● Task to carry out
Go to the line with "this 960×540 image." in the entries below and write out every line from there through the line with "this 696×418 image.", exactly and without pictures.

● Extracted material
---------------
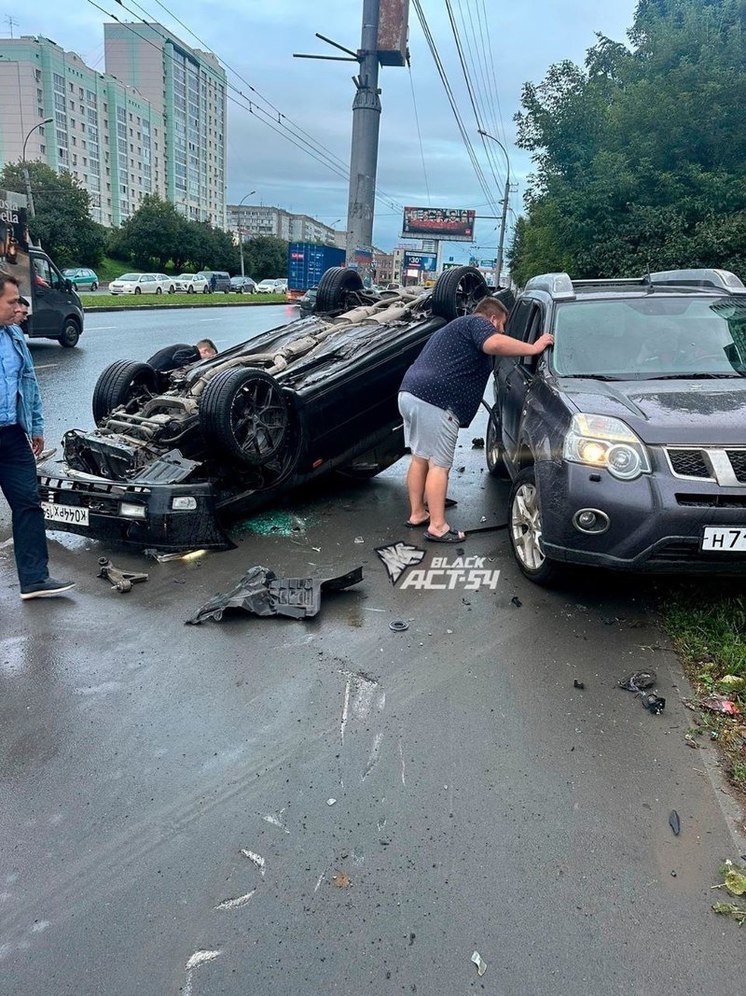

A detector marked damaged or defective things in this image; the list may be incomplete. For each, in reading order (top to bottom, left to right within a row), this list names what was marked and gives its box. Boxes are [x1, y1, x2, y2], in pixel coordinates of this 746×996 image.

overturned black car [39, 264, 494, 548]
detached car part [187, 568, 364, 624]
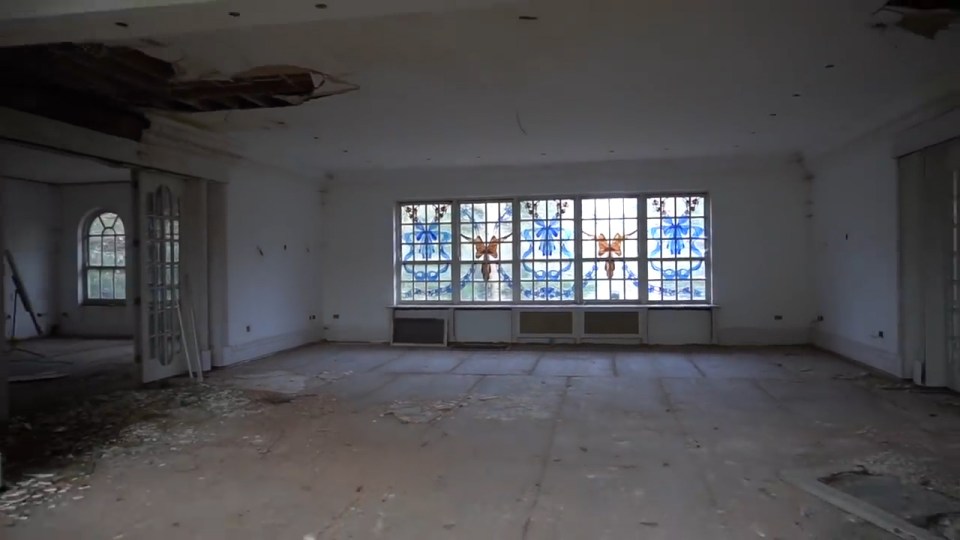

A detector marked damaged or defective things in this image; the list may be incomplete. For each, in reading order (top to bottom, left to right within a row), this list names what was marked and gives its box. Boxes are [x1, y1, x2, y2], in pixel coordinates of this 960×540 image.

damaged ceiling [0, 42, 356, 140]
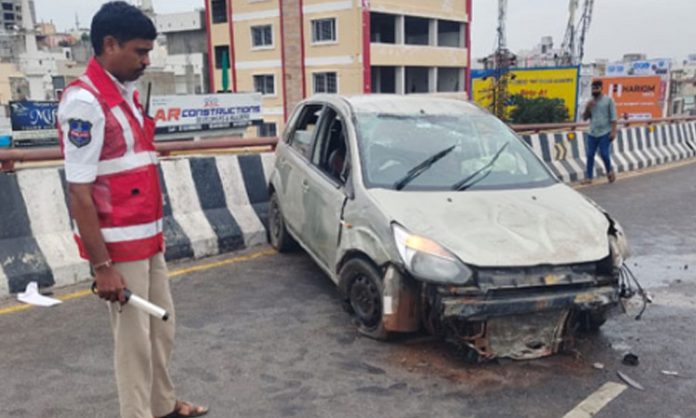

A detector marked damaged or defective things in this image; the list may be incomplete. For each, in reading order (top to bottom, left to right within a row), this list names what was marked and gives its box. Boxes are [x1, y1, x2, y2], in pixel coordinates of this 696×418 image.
---------------
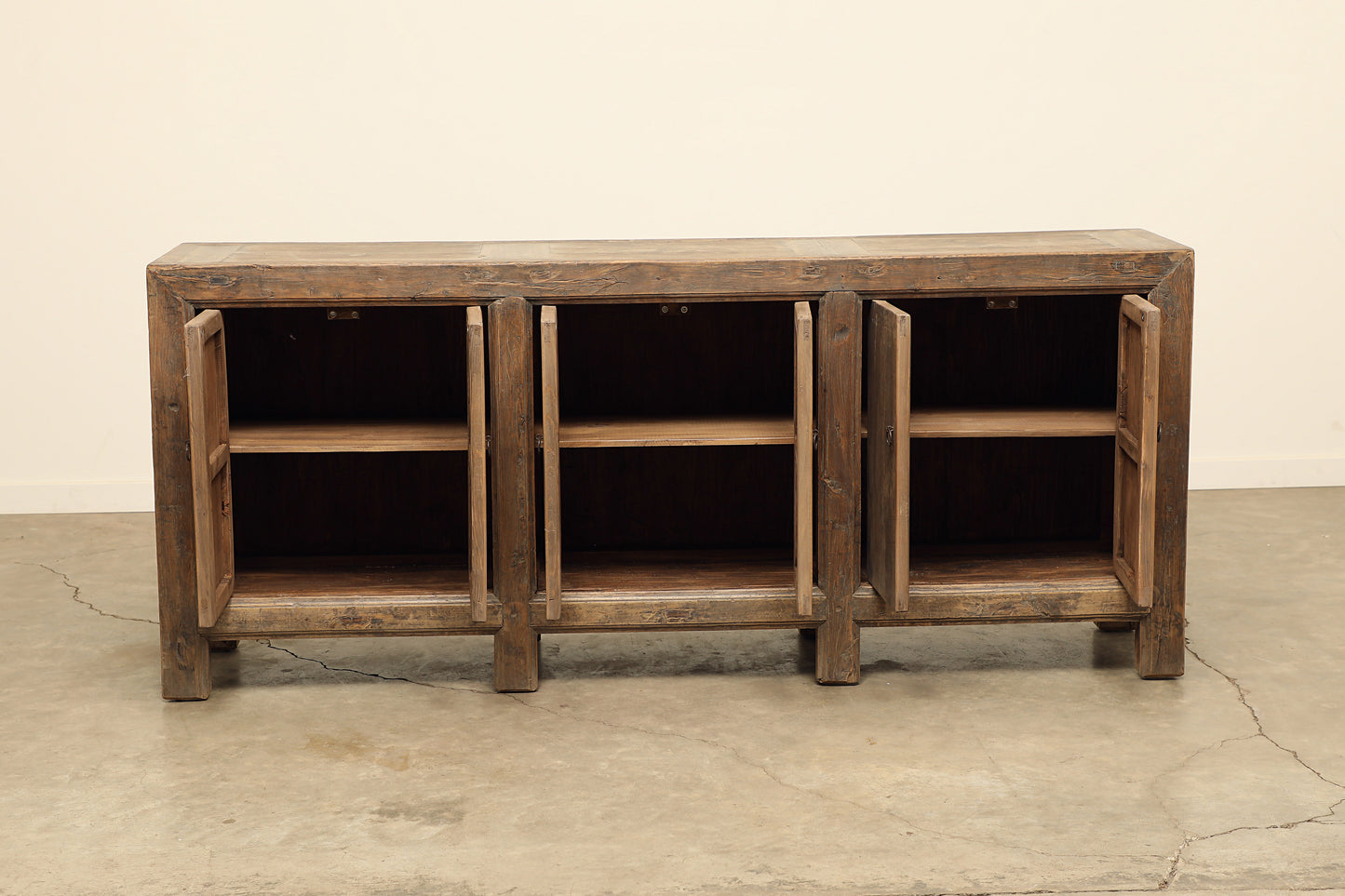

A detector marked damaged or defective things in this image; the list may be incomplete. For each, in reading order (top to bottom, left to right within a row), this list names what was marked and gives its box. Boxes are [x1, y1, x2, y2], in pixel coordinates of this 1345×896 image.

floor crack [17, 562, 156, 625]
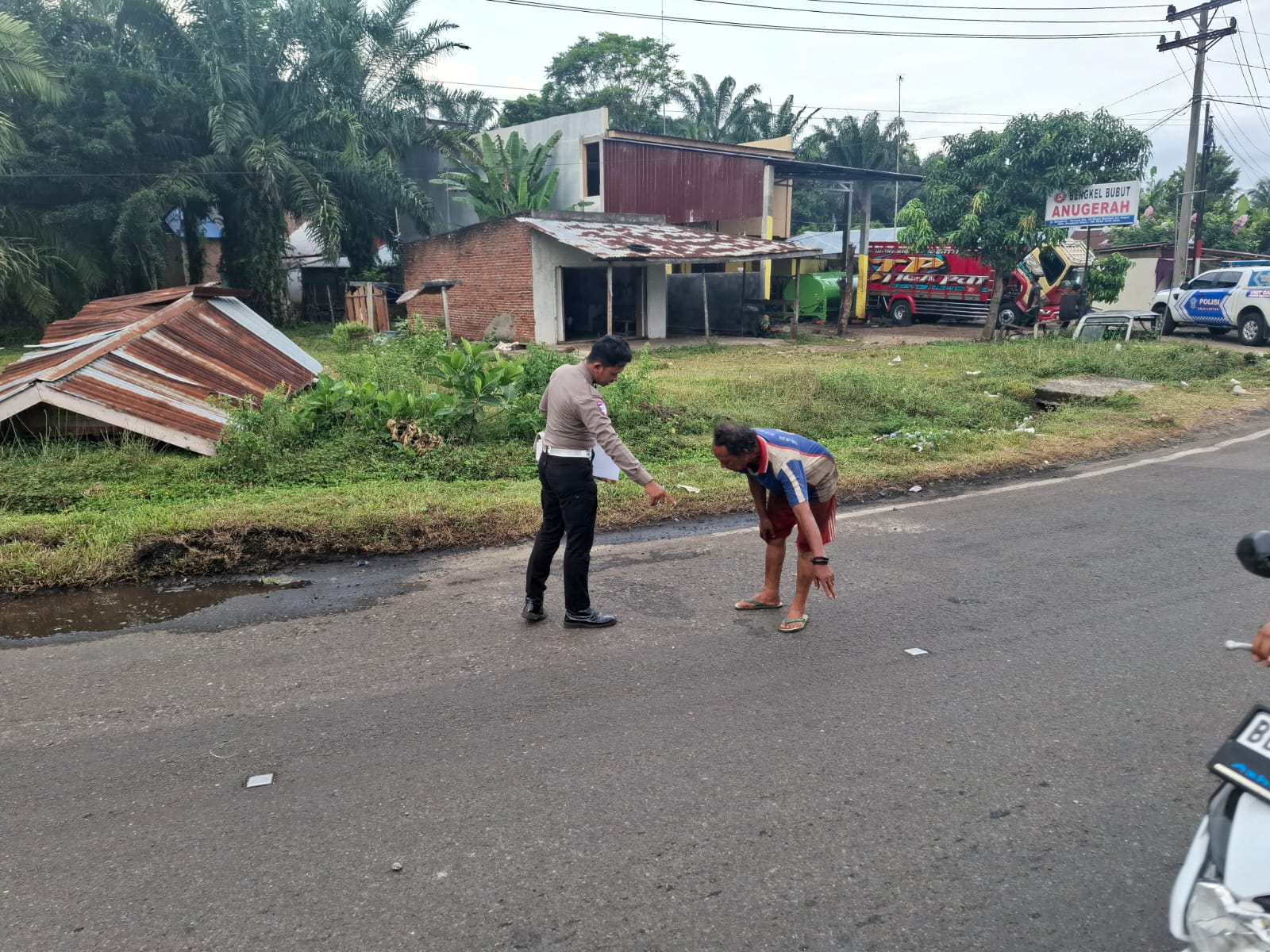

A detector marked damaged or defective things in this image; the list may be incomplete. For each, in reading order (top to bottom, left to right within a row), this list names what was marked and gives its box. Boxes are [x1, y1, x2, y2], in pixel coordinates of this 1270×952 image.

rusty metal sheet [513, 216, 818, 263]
---------------
● Response
A detector marked damaged or defective things in this image; the list may be incomplete. For each, in reading order (top to bottom, left to right within a row), this list names what was marked and gives its box. Boxes are [x1, y1, x2, y2], in pixel coordinates of this 960×540 image.

damaged ceiling [0, 42, 356, 140]

A detector marked damaged or defective things in this image; the list may be incomplete. For each, in reading order (top to bottom, left to right within a row), this list names what was marked and gives its box. Boxes are [x1, y1, x2, y2], in pixel coordinates of this 696×418 image.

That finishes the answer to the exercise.